Documentation to Prepare Before the Installation Date

Gather the following and have them on site during installation:

  • Approved permit (or permit application reference number)
  • Grid application acknowledgment from DSO
  • Equipment data sheets and installation manuals for panels, inverter, and mounting system
  • Single-line diagram (finalized from design phase)
  • Material delivery manifest for cross-reference on arrival

Step 3: Structural Assessment and Roof Preparation

Roof structure failure is rare but catastrophic when it occurs. Installers carry liability for structural assessment — a signed-off job with inadequate structural analysis creates long-term exposure.

Structural Assessment Requirements

For residential timber-framed or truss roofs (most common in the UK, Northern Europe, and North America):

  • Rafter spacing and size: Standard rafter spacing of 400–600 mm with 47×150 mm or larger cross-section is adequate for most residential PV loads in wind zones up to 150 km/h, provided mounting loads are distributed across a minimum of 3 rafters per array edge.
  • Dead load addition: A standard crystalline silicon panel array adds 12–18 kg/m² dead load including panels, racking, and fixings. Verify the existing roof dead load plus the PV addition does not exceed the structural limit. In the UK, BS 6399-1 provides the live and dead load reference values.
  • Snow load regions: In Alpine Europe, Scandinavia, and high-altitude US installations, verify snow load accumulation under and behind the array does not create uplift or concentrated point loads exceeding rafter design limits.
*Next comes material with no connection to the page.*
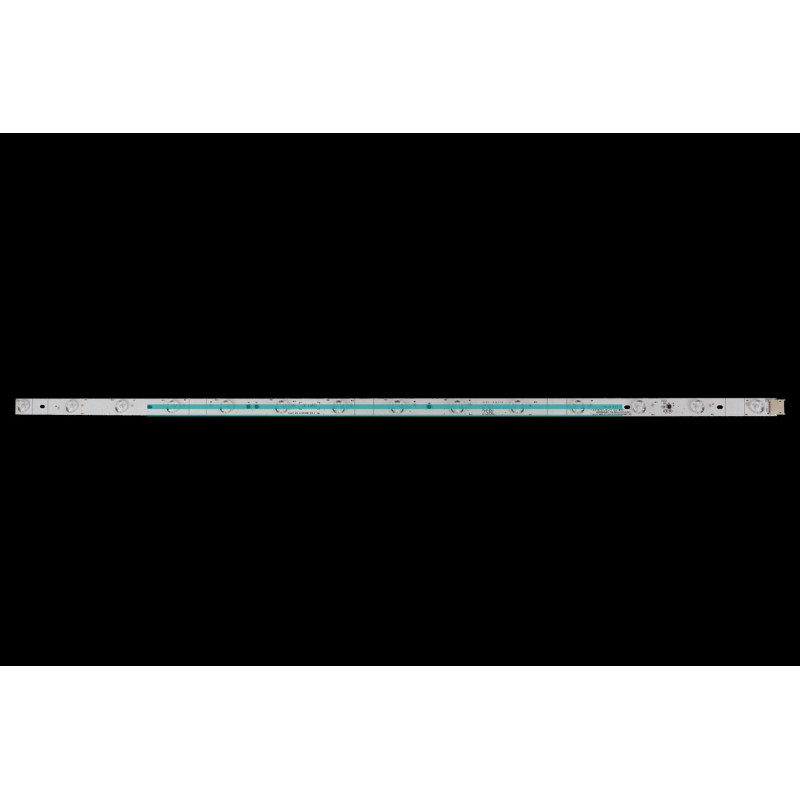 Підсвітка JU.M65-0110014-P330-003BS_V01 JU.M65-0110014-P330-003BS-V01 JU-M65-0110014-P330-003BS-V01 JU.M65.0110014-P330-003BS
For flat-membrane roofs (common in commercial installations):

  • Penetration-free ballasted systems require structural confirmation that the ballast load (typically 25–40 kg/m²) is within the roof’s structural capacity. This often requires a structural engineer’s stamp.
  • Confirm membrane age and condition. Installations on membranes less than 5 years from end of warranty period create liability issues — flag this to the customer before proceeding.

Roof Preparation

Before racking goes on:

  1. Clear the roof of debris — moss, lichen, and loose material must be removed. Do not use pressure washing on clay tile roofs.
  2. Replace damaged tiles or flashing in the installation zone. Reusing cracked tiles under rail mounts creates future leak paths.
  3. Mark rafter positions using a stud finder from inside the attic space and transfer the marks to the tile/cladding surface using chalk line.
  4. Install additional waterproofing at all penetration points before rafter bolts or direct-penetration anchors are installed.
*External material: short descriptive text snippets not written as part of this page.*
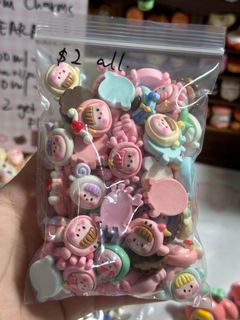 (Category: ) located in . Submitted by parallel_ines (Listing ID 1379202841, Image 1). Description: .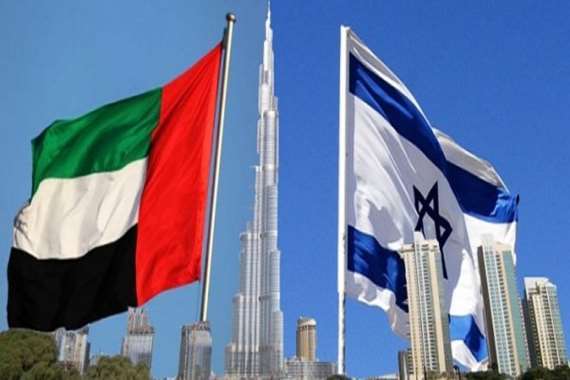 هذه أبرز بنود الإتفاق الإسرائيلي الإماراتي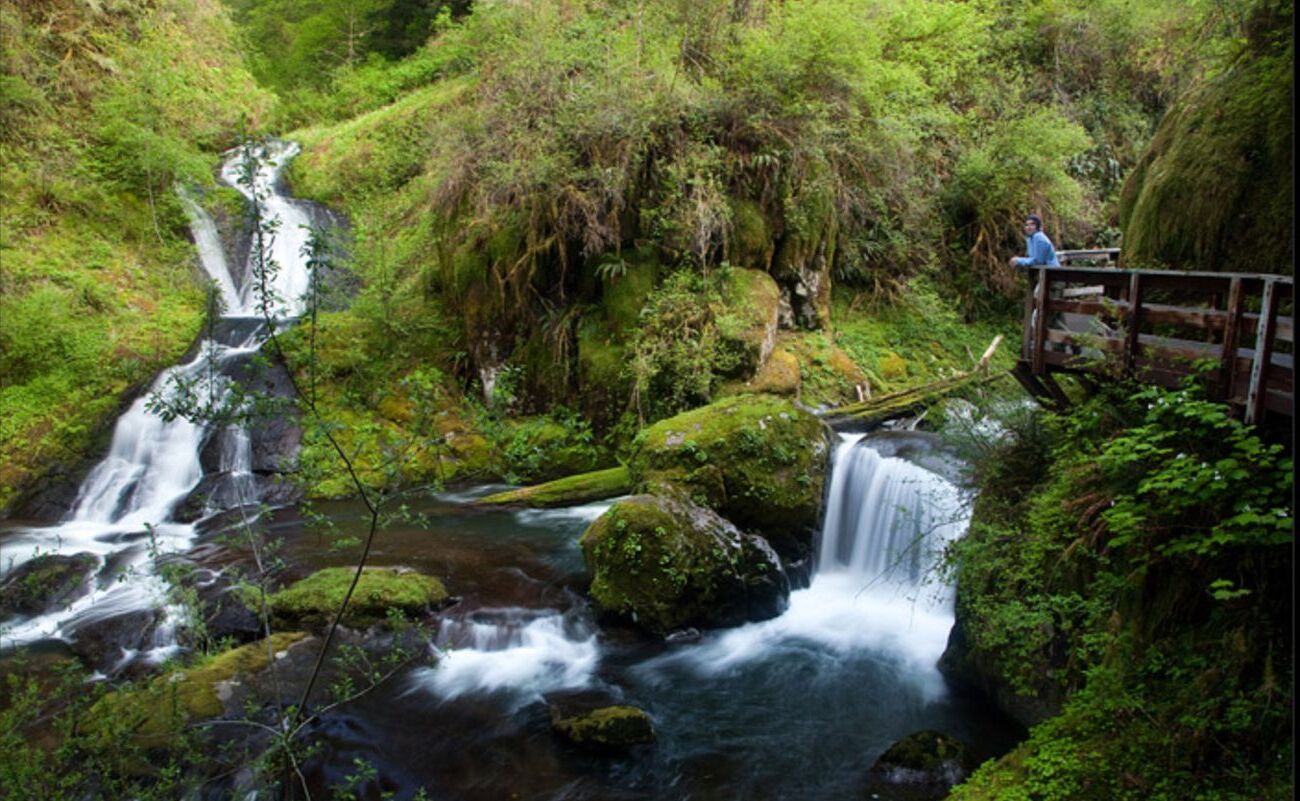 secrets-of-oregons-sweet-creek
Step 4: Mounting System Installation

The mounting system is the mechanical foundation of the array. Errors here — misaligned rails, undertorqued fasteners, incompatible materials — result in structural failure, water ingress, or voided panel warranties.

Racking System Selection

Match the racking system to the roof type:

Roof TypeRecommended Mount TypeNotes
Clay/concrete tileTile hook with flashingHook must match tile profile; universal hooks acceptable for shallow pitch
Metal standing seamSeam clamp (no penetration)Zero-penetration attachment; use seam clamp rated for seam profile width
Corrugated metalL-foot with EPDM washerPenetration required; seal with self-healing EPDM flashing
Asphalt shingleFlashed lag bolt to rafterTorque to 20–25 Nm; seal with butyl tape and flashing
Flat membrane (ballasted)Ballasted tray systemConfirm roof capacity; anti-wind retention blocks at perimeter
Flat roof (penetration)L-foot through membraneUse industry-standard flashing kit rated for roof system

Rail Installation

  1. Set the bottom rail position based on the panel layout dimensions from the design. Leave minimum 200 mm clearance from the roof edge (EU standard) or as defined by the AHJ.
  2. Install roof anchors at every rafter, or per manufacturer specification for the specific roof type. For lag bolt anchors into rafters, use 10 mm diameter stainless steel lag bolts (A4-316 grade for coastal environments) minimum 50 mm embedment into rafter.
  3. Attach mid-rail support brackets per manufacturer rail span limits. Do not exceed rated span — this is the most common racking field error.
  4. Install rails and set level. Use a spirit level and laser level for arrays longer than 4 rails. Rail misalignment greater than 3 mm over 3 meters will cause module frame binding and stress fractures at panel clamps.
  5. Set rail end caps and install grounding lugs at rail splice joints where the racking system relies on rail conductivity for equipment bonding.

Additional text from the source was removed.